I freely and heartily yield all things to your pleasure and disposal.
And now, O glorious and blessed God,
Father, Son and Holy Spirit,
You are mine and I am yours.
So be it.
And the covenant, which I have made on earth,
Let it be ratified in heaven.  Amen.


You will soon discover if you haven’t already, that God sometimes uses brokenness of spirit to get our attention, wherever we happen to be in our walk with him.  Such was the case with Job and his trials.  And it may be with you…in a local church, in graduate school, in your first job, in the home, or in retirement!

Sometimes things happen that are outside our control.  God does not cause the circumstances; however, he allows them to happen.  God can use our brokenness to humble us and draw us closer to Himself.  God’s process of helping us develop character involves our being broken before him.

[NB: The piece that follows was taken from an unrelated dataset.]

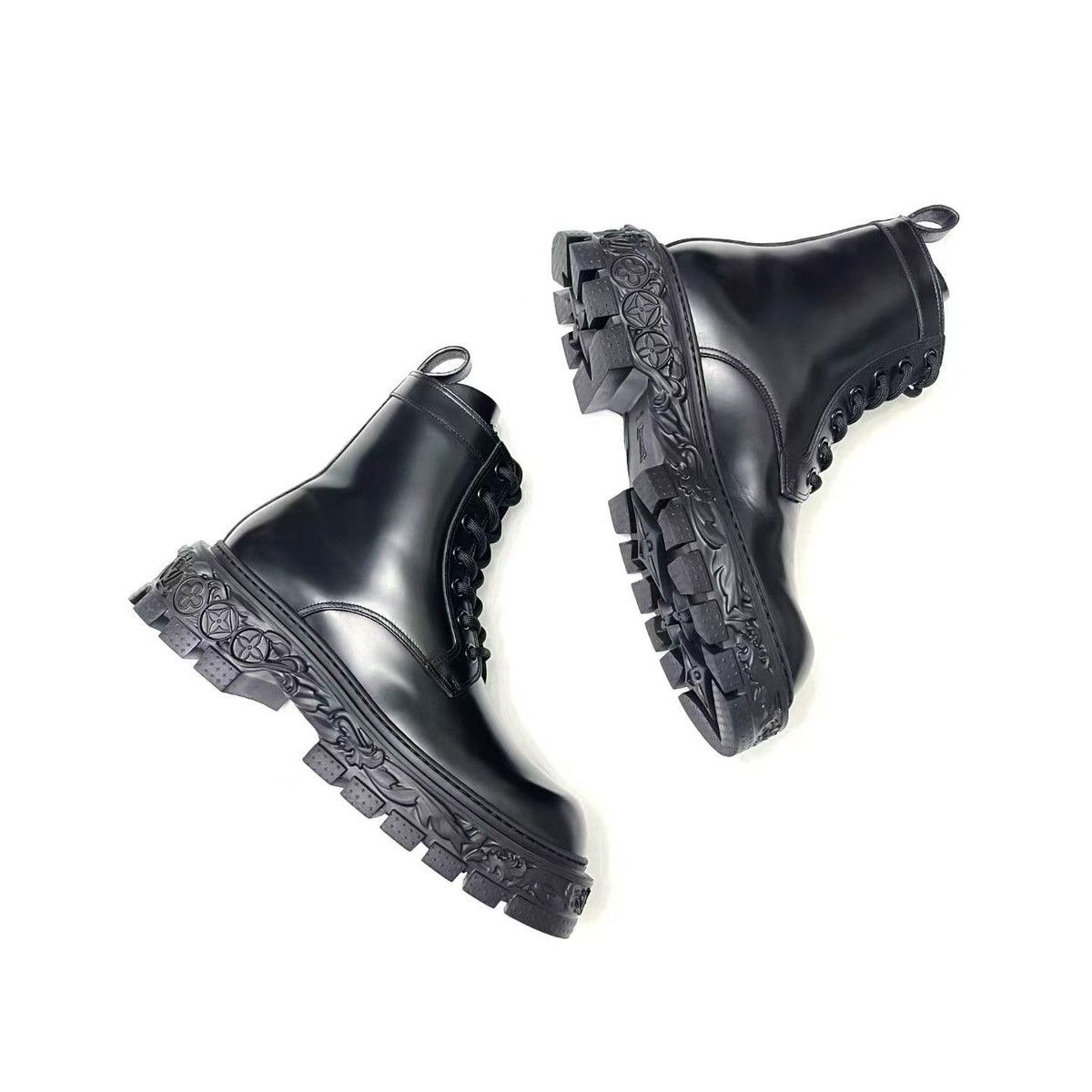 Louis Vuitton Louis Vuitton 8 Baroque Ranger Boots Black Calf Leather Size US 8 / EU 41 - 2 Thumbnail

In these poignant moments where life lessons regarding leading others can break through, at least five convictions can hold us steady in our leadership assignments:

1. Watch our words. Words we speak can bless or “burn” people. What comes out of our mouth reflects what is in our heart. In New Testament perspective, dialog is a sacrament. Our words are to minister grace to others (Ephesians 4:29).
Don’t whine—be grateful. Comparison is the root of inferior feelings. We can feel good about ourselves—our gifts, talents and abilities—until we compare ourselves with others. Gratitude is the “life-giving” antidote to the negative impact of comparison.
3. Seek first to understand. Understanding, not agreement, is the key to conflict management. Good and godly people can have honest and intense differences. In fact, they sometimes collide over vision and values. This is why I have come to see that theological vision (what I believe about people, what I “see” in them) must precede organizational vision.
4. Be proactive in extending forgiveness. A spirit of forgiveness transforms and empowers people. Extending people does not wait for the others person to request forgiveness. Rather, it frees us from the bondage to the other. Too often, we permit persons who have offended us to control us. Extending forgiveness has everything to do with maintaining a right relationship with a holy God!
5. Value people, not power. The evidence of leadership is seen in the lives of the followers. I often ask myself this question: are the persons with whom I work and those whom I lead stronger in their faith, more confident in themselves and more fulfilled in their lives as a result of working with me? I try to enlarge the vision of the people about the work they are doing—to see the bigger picture and discover how they, in their particular assignment,  contribute to the mission of the school, church or organization they serve.

These driving forces in a Christian leader characterize us at our best and convict us at our worst.


Life together in Christian families, local congregations, small groups, governing boards, Christian organizations, Nazarene colleges, universities, and seminaries include lessons, planned and unplanned, on brokenness, humbleness, gentleness, patience and compassion for others (Ephesians 4:2).  The parishioners, staff or faculty, or school alumni who allow themselves to go through the breaking process will emerge as leaders who can be trusted…at home or around the world.

Brokenness, humility, and leadership.  Growth producing for the leader.